[Stored data]

- Opening Delimiter -

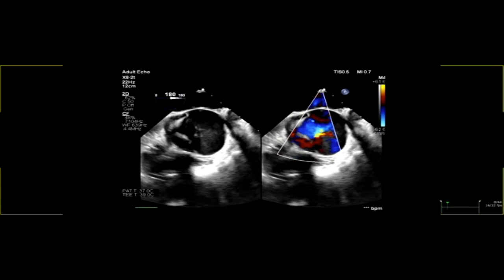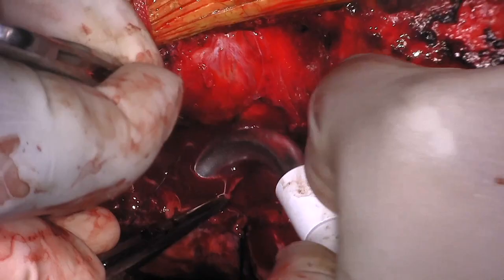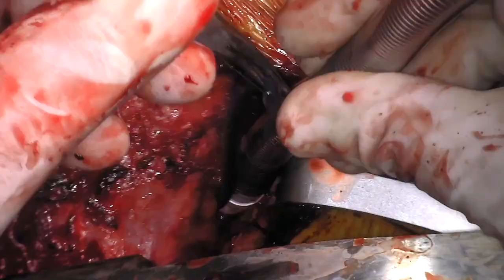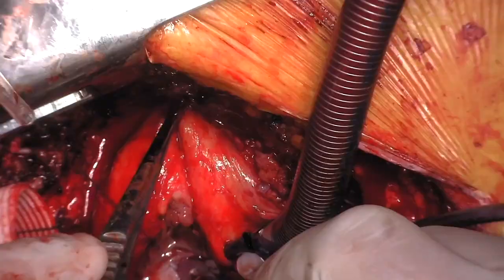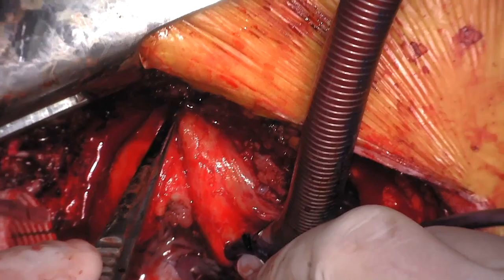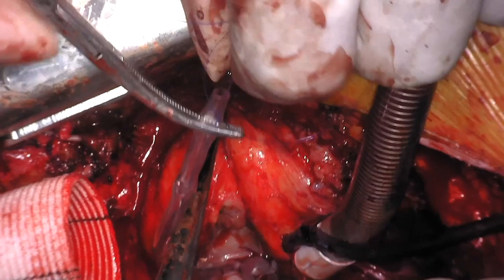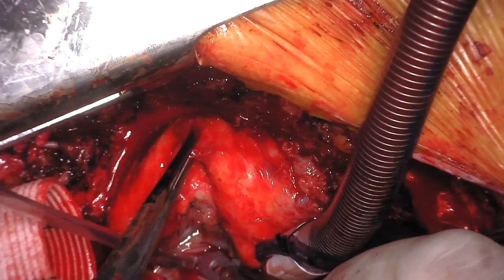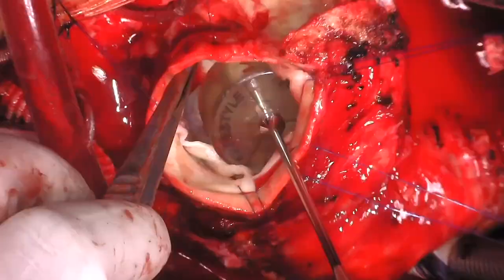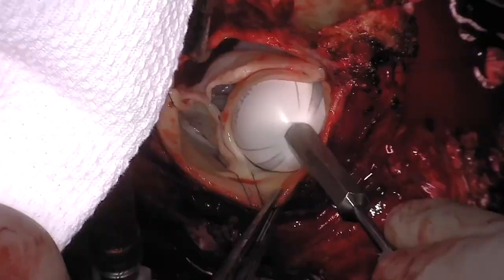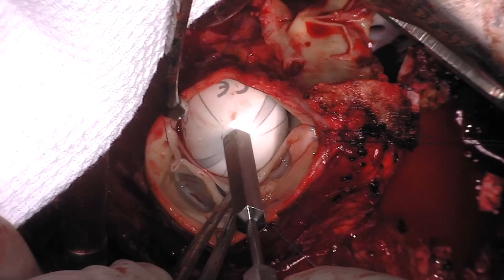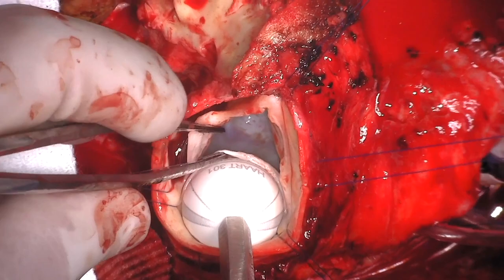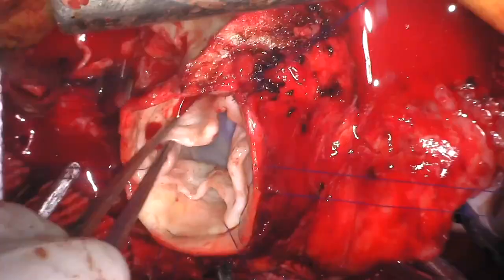Patient is placed on cardiopulmonary bypass using cannulation in the distal ascending aorta because of the aortic aneurysm. The aneurysm was replaced with a 28 mm Hemashield graft. Subsequent cardioplegia was given through the coronary sinus via a retrograde coronary sinus catheter sutured in place. Aortic valve is examined — it is significantly dilated, well beyond the 29 mm sizer. The 23 mm sizer fits the non-coronary sinus well, so a 23 mm ring will be used.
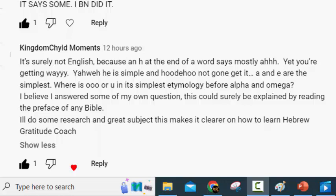Hey y'all, CoachingTheFight here, talking about our Father's name, or the different names for our Father in the Bible.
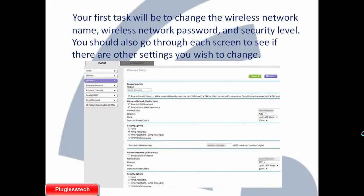Your first task will be to change the wireless network name, wireless network password, and security level. You should also go through each screen to see if there are other settings you wish to change.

- Closing Delimiter -

[Problem] In your answer, give every line of the listing above exactly, and do not include the images.

[Output of the task]
Patient is placed on cardiopulmonary bypass using cannulation in the distal ascending aorta because of the aortic aneurysm. The aneurysm was replaced with a 28 mm Hemashield graft. Subsequent cardioplegia was given through the coronary sinus via a retrograde coronary sinus catheter sutured in place. Aortic valve is examined — it is significantly dilated, well beyond the 29 mm sizer. The 23 mm sizer fits the non-coronary sinus well, so a 23 mm ring will be used.
Hey y'all, CoachingTheFight here, talking about our Father's name, or the different names for our Father in the Bible.
Your first task will be to change the wireless network name, wireless network password, and security level. You should also go through each screen to see if there are other settings you wish to change.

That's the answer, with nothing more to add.